Member of the U.S. House of Representatives from Indiana's 4th district
- In office 1905–1919
- Preceded by: Francis M. Griffith
- Succeeded by: John S. Benham

Personal details
- Born: February 9, 1860 Vernon, Indiana, U.S.
- Died: September 16, 1932 (aged 72) Lyndon, Kentucky, U.S.
- Resting place: Vernon Cemetery, Vernon, Indiana, U.S.
- Party: Democratic

= Lincoln Dixon =

American politician (1860–1932)

Lincoln Dixon (February 9, 1860 – September 16, 1932) was an American lawyer and politician who served seven terms as a U.S. representative from Indiana from 1905 to 1919.

==Biography ==
Born in Vernon, Indiana, Dixon attended Vernon Academy, and graduated from Indiana University Bloomington with honor in 1880. He was employed as a clerk in the Department of the Interior at Washington, D.C., in 1881. He returned to Vernon and studied law. He was admitted to the bar in 1882 and commenced practice in North Vernon. Reading clerk of the State House of Representatives in 1883. He served as prosecuting attorney for the sixth judicial circuit 1884–1892. He served as a member of the Democratic State committee 1897–1904 and 1920–1927.

===Congress ===
Dixon was elected as a Democrat to the Fifty-ninth and to the six succeeding Congresses (March 4, 1905 – March 3, 1919). He was an unsuccessful candidate for reelection in 1918 to the Sixty-sixth Congress.

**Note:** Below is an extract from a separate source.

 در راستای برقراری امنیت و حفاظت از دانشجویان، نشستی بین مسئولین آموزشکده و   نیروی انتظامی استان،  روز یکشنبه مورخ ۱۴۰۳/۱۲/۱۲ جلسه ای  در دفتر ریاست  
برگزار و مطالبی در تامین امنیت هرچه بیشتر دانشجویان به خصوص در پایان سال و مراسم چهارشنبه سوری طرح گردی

===Later career and death ===
He resumed the practice of law. He served as a delegate to the Democratic National Conventions in 1920 and 1924. In charge of the Democratic campaign in the West in 1924. He was appointed a member of the United States Tariff Commission by President Calvin Coolidge in 1927 and retired in 1930. He was reappointed by President Herbert Hoover on June 17, 1931, and served until his death, while on a visit, in Lyndon, Kentucky on September 16, 1932.

He was interred in Vernon Cemetery, Vernon.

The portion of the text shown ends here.